DMA is not working on STM32H7 devices

The problem is related to two things: memory layout on STM32H7 and internal data cache (D-Cache) of the Cortex-M7 core. 

In summary these can be the possible issues:

• Memory placed in DTCM RAM for D1/D2 peripherals. Unfortunately, this memory is used as default in some projects including examples.
• Memory not placed in D3 SRAM4 for D3 peripherals.
• D-Cache enabled for DMA buffers, different content in cache and in SRAM memory.
• Starting the DMA just after writing the data to TX buffer, without placing __DSB() instruction between.

For Ethernet related problems, please see separate FAQ: FAQ: Ethernet not working on STM32H7x3 

1. Explanation: memory layout

The STM32H7 device consists of three bus matrix domains (D1, D2 and D3) as seen on the picture below. The D1 and D2 are connected through bus bridges, both can also access data in D3 domain. However, there is no connection from D3 domain to D1 or D2 domain. In some devices (STM32H7A3/7B3 and STM32H7B0), we can find only two domains, where D1 and D2 domains are merged into one domain which is the CD Domain, and D3 is nominated as SRD Domain.

The DMA1 and DMA2 controllers are located in D2 domain and can access almost all memories, with the exception of ITCM and DTCM RAM (located at 0x20000000). These controllers are used in most cases.

The BDMA controller is located in the D3 domain and can access only SRAM4 and backup SRAM in the D3 domain.

The MDMA controller is located in D1 domain and can access all memories, including ITCM and DTCM. This controller is primarily used for handling D1 peripherals and memory-to-memory transfers.

From performance perspective, it is better to place DMA buffers inside the D2 domain (SRAM1, SRAM2 and SRAM3), since the D2-to-D1 bridge can introduce additional delay.

2. Explanation: handling DMA buffers with D-Cache enabled

The Cortex-M7 contains two internal caches: I-Cache for loading instructions and D-Cache for data.

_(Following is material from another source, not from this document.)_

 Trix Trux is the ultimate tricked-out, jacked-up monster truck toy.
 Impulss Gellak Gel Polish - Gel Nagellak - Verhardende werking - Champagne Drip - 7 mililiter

The D-Cache can affect the functionality of DMA transfers because it holds the new data in the internal cache and does not write it to the SRAM memory. However, the DMA controller loads the data from SRAM memory, not from the D-Cache.

If the DMA transfer starts immediately after writing data to the tx_buffer in the code, the tx_buffer data might still reside in the write buffer inside the CPU while the DMA has already started. The solution is to set the tx_buffer as a device type to force the CPU to order memory operations or to add the __DSB() instruction before starting the DMA.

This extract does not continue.